The Treasury issued the following remarkably breathy press release last night:
Chancellor George Osborne today (Thursday 14 April) unveiled a ground-breaking international deal to automatically share information on the ultimate owners of companies with key EU allies, making it more difficult for firms to dodge tax or funnel corrupt funds.
Britain has initiated an agreement with Germany, France, Italy and Spain that will see tax and law enforcement agencies from the five countries exchange data on company beneficial ownership registers and new registers of trusts, allowing for more effective investigation of financial wrongdoing.
The Chancellor has also written to G20 counterparts, along with Finance Ministers from Germany, France, Italy and Spain, urging progress towards a fully global exchange of beneficial ownership information in order to remove ‘the veil of secrecy under which criminals operate'.
A global move towards interlinking country registries will provide, for the first time, international real-time access to tax and law enforcement agencies on company ownership.
According to the Guardian Osborne has called this a hammer blow to tax abusers.
Let me be blunt: it really would be good if the Treasury sometimes told the truth.
First, let me welcome the idea behind the movemove, the main advantage of which is in bringing Germany on board.
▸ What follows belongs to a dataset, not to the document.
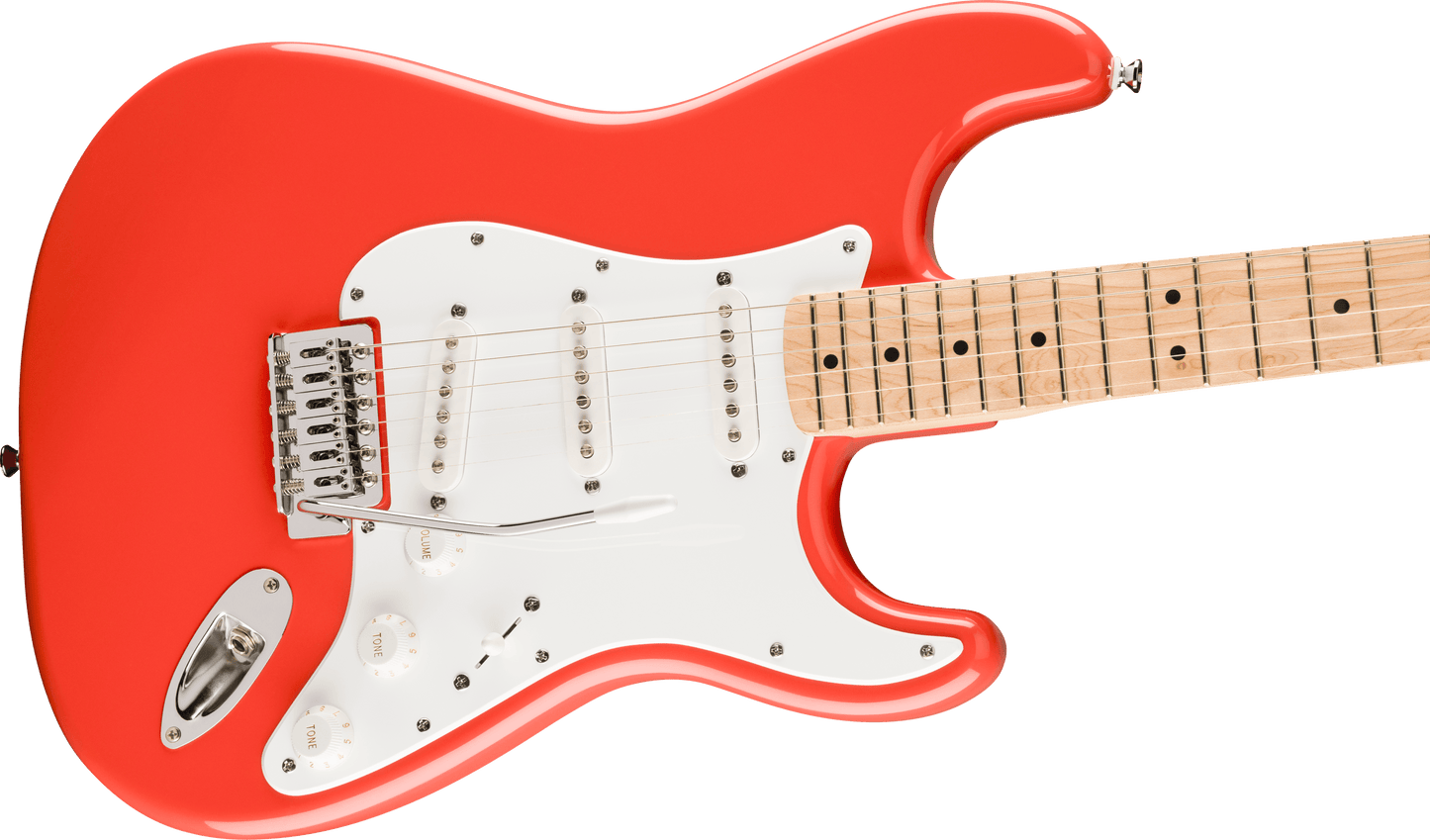 Squier Limited Edition Sonic Stratocaster - Fiesta Red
Fears based on its history in the 1930s have long held Germany back from embracing beneficial ownership data. That they have accepted the need to now do so now is welcome.
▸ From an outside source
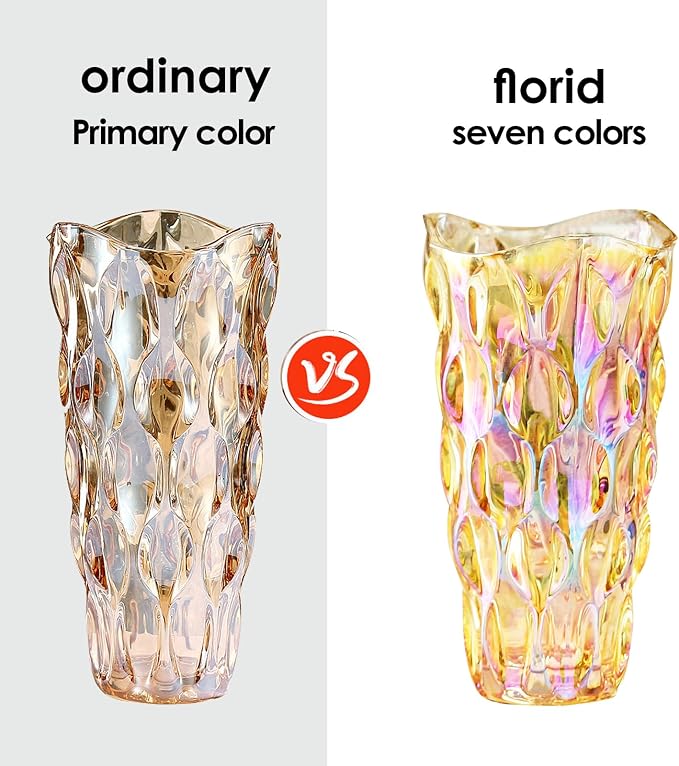 CEMABT 9.5inch 3.4 lb Glass Vases - Image 5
Now let me list the nonsense. And after that the problems.
First, given that the press trailed a German / French initiative on this on Wednesday the chance that this is UK led is very remote.
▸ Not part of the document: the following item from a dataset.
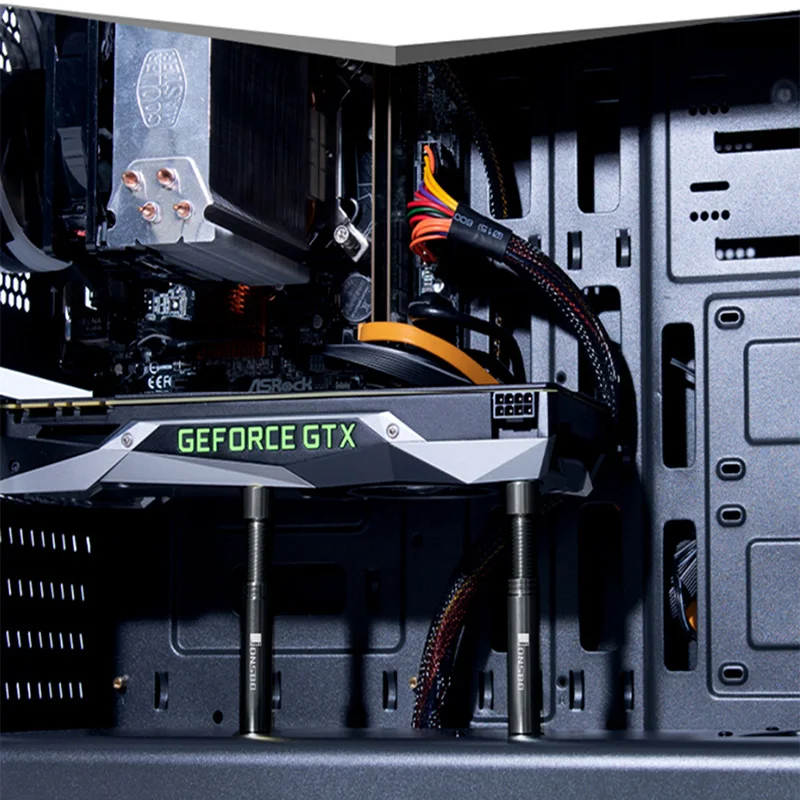 Jonsbo Эргономичный Регулируемый Телескопический Вращающийся Винт Из Алюминиевого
Second, the UK seems a reluctant partner, apparently doing all it can to mitigate disclosure on trusts, where new rules are far from adequate and will mean that effective information exchange from the UK is very unlikely.
Third, this comes at the end of a week when media I have seen suggests that Jersey, Guernsey and Cayman (at least) are cock-a-hoop at having rebuffed calls from David Cameron that they must have readily accessible registers of beneficial ownership even for the use of UK law enforcement agencies, so how the UK thinks that now is the time to claim world leadership in this issue is very hard to credit. As I have argued, this government has proved this week to be a good friend if the forces of corruption.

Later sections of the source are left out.